Akcja mojego kumpla:
Witam,
Chciałbym przedstawić sytuację, która wydarzyła się wczoraj w nocy. Po koncercie zespołu, w jednym ze stargardzkich lokali, otrzymałem telefon od kolegi, który odprowadzał koleżankę, że na stacji paliw dostał w twarz. Wyszedłem przed lokal żeby na spokojnie porozmawiać, stanąłem obok barierki, która należy do lokalu. W jednej ręce trzymałem telefon, a w drugiej butelkę z piwem. Byłem może z pół metra od schodów do lokalu. Nie piłem na zewnątrz. Akurat obok stał nieoznakowany samochód policyjny, z którego wyszedł pan i poprosił mnie żebym podszedł do samochodu. Policjanci byli bez mundurów, jedynie co, to poprosiłem żeby się wylegitymował. Zrobił to i poprosił mnie o dowód, że niby mandat za picie (nie piłem na zewnątrz). Grzecznie wytłumaczyłem, że kolegę mi biją na stacji BP i czy mogliby podjechać, zamiast wystawiać mi mandat. Dostałem odpowiedź, że nie mieli takiego zgłoszenia i mnie olali. Finał tego wszystkiego jest taki, że dostałem bardzo śmieszny mandat, bo z
trzema błędami ortograficznymi (przesyłam mandat w załączniku). Do tego policjant nie podpisał się czytelnie tylko parafką. Słyszałem, że taki mandat jest nieprawomocny, ponieważ podpis musi być czytelny i w sumie nie powinien zawierać błędów, bo nie ma takiego czegoś jak "spoRZywanie alkoCHolu". Jak się dowiedziałem, to powinni dać mi mandat w wysokości 20 zł, za usiłowanie spożywania, ponieważ nie spożywałem, a tym bardziej nie spoRZYwałem. Może uda się anulować ten mandat.
Pozdrawiam
Artur ze Stargardu
Policjant zrobił literówkę, szybko do internetów pokazać jaki policjant głupi bez matury bo zrobił literówkę!
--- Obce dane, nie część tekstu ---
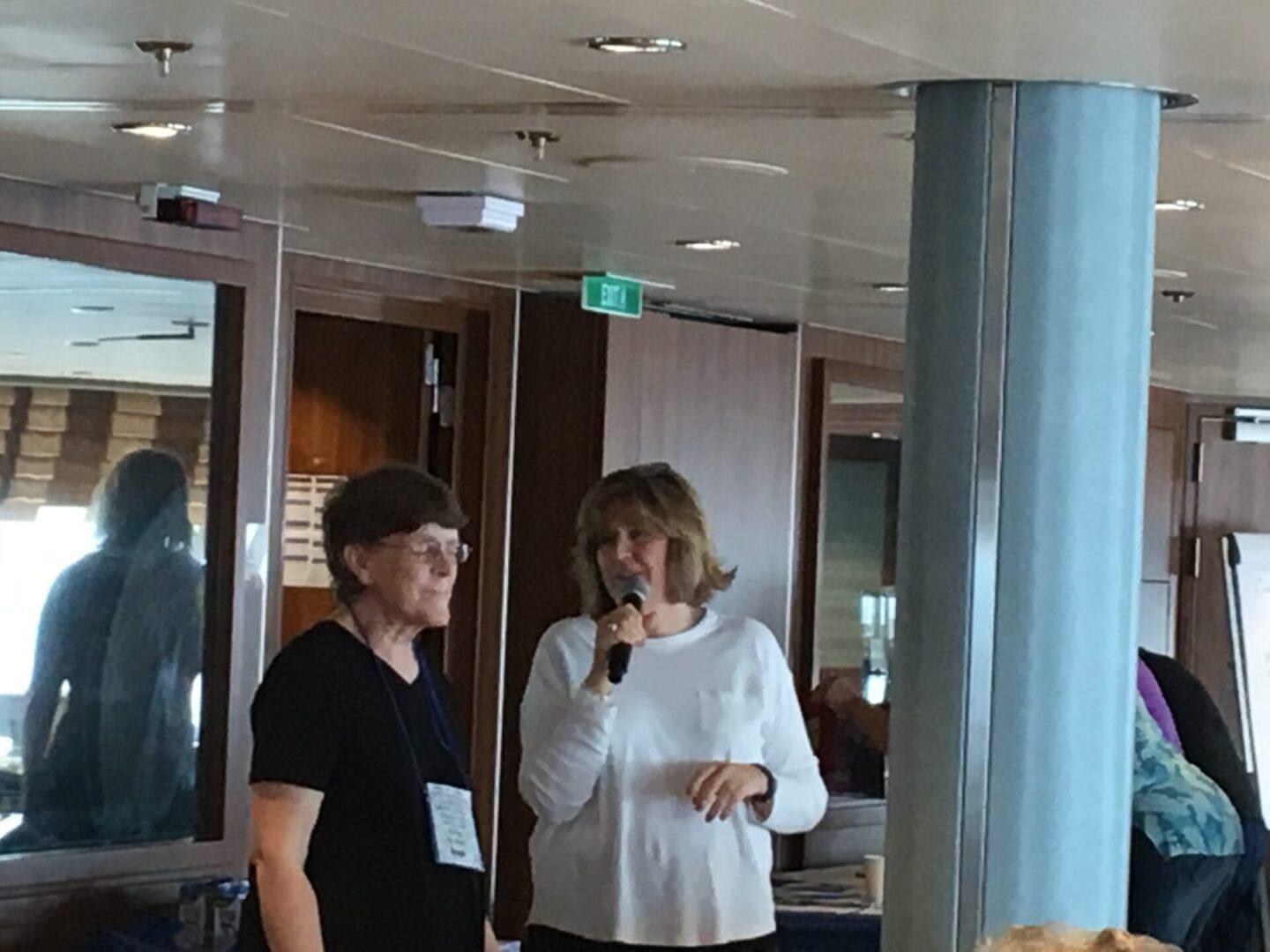 Two people speaking indoors with microphone.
Literówki każdemu się zdarzają, no ale bez jaj, żeby zrobić błąd w 3 z 5 wyrazów w jednym zdaniu. Chociaż to i tak sukces że nie napisał alkoholu przez ó
Ale tak jest w każdym Zachodnim kraju, do których aspirujemy! Więc mamy być biedą umysłową w tym temacie jak Wschód czy nowoczesnym krajem nie znoszącym picia alkoholu w miejscu publicznym jak Zachód?
Ten sam zachód to pedały w rurkach, dźender studis, homopropaganda, odejście od zasad prawnych i obyczajowych, upadające gospodarki ( długi państw, kryzys w strefie euro ). Zachód idzie na dno, umiera... Jeśli pytasz czy mamy być tacy, to moja odpowiedź brzmi - nie. Wole wschód. Na Białorusi przynajmniej możesz kupić sobie żarówkę jaką chcesz, a w EU nie ( ofc Białoruś nie ma wiele zalet poza tą ).
Ja nie aspiruje do dzisiejszego zachodu. Mam nadzieję, że pójdziemy po rozum do głowy i pójdziemy własną, normalną drogą.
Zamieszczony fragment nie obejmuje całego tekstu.